# DATA BLOCK

--- START ---

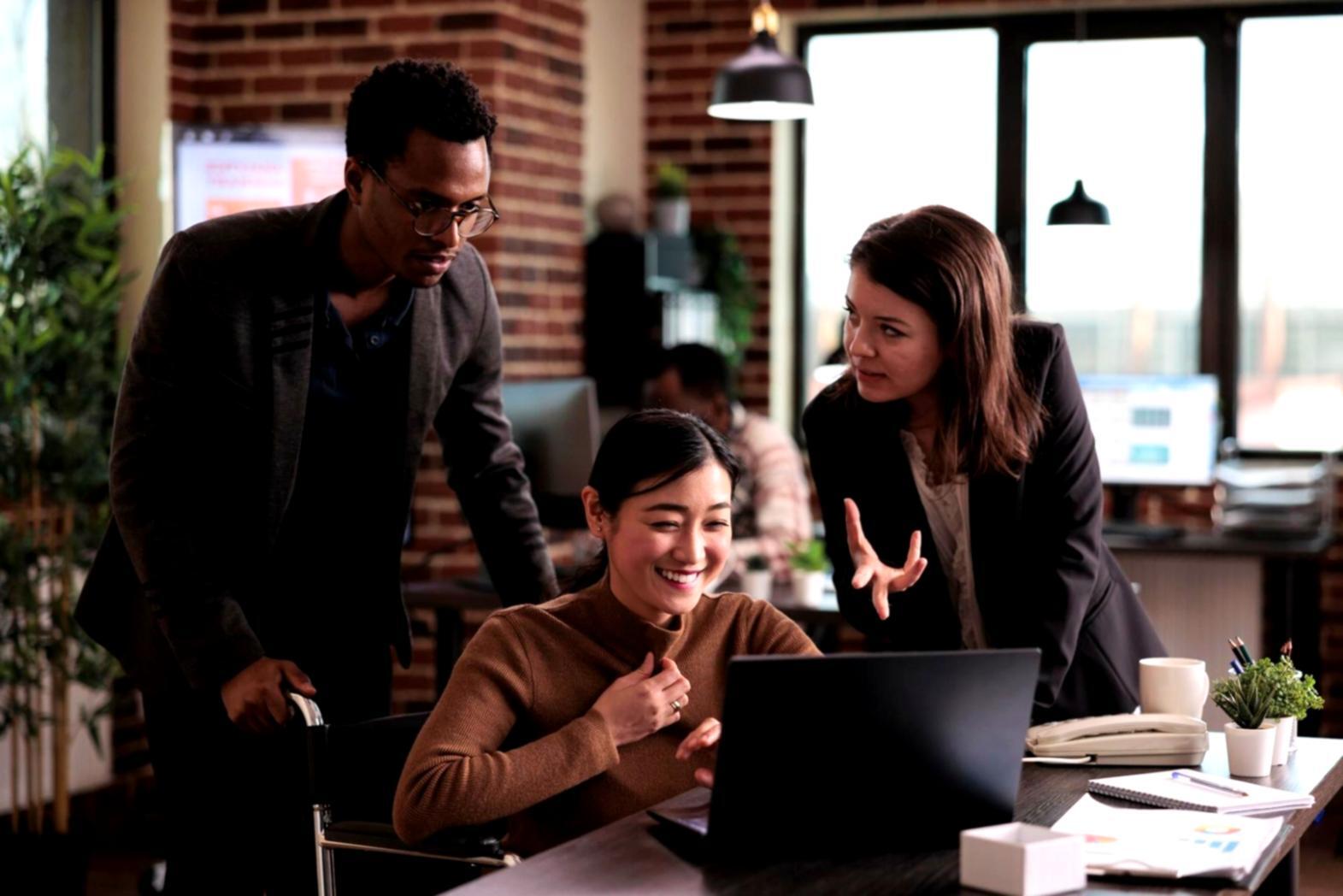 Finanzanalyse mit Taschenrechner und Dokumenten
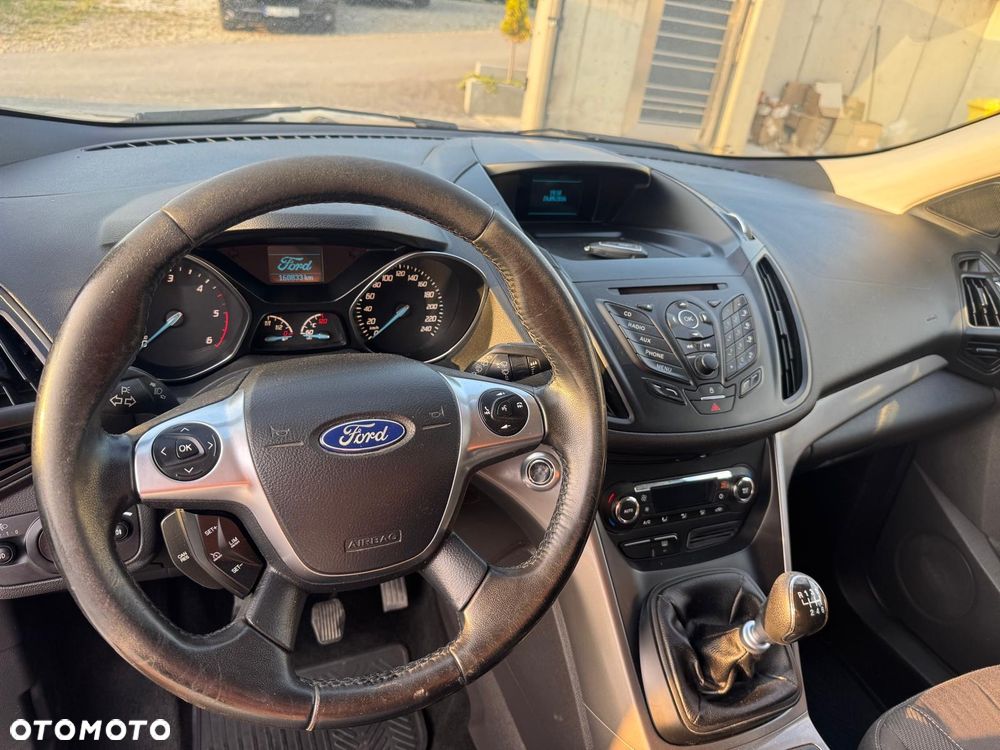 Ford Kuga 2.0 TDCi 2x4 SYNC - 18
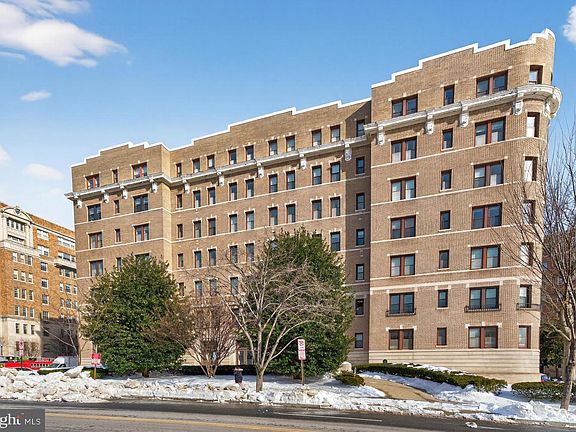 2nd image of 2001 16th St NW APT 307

--- END ---

# TASK DESCRIPTION
Give the listing again, exactly as it appears, but without its images.

# SOLUTION TO THIS PROBLEM
 Finanzanalyse mit Taschenrechner und Dokumenten
 Ford Kuga 2.0 TDCi 2x4 SYNC - 18
 2nd image of 2001 16th St NW APT 307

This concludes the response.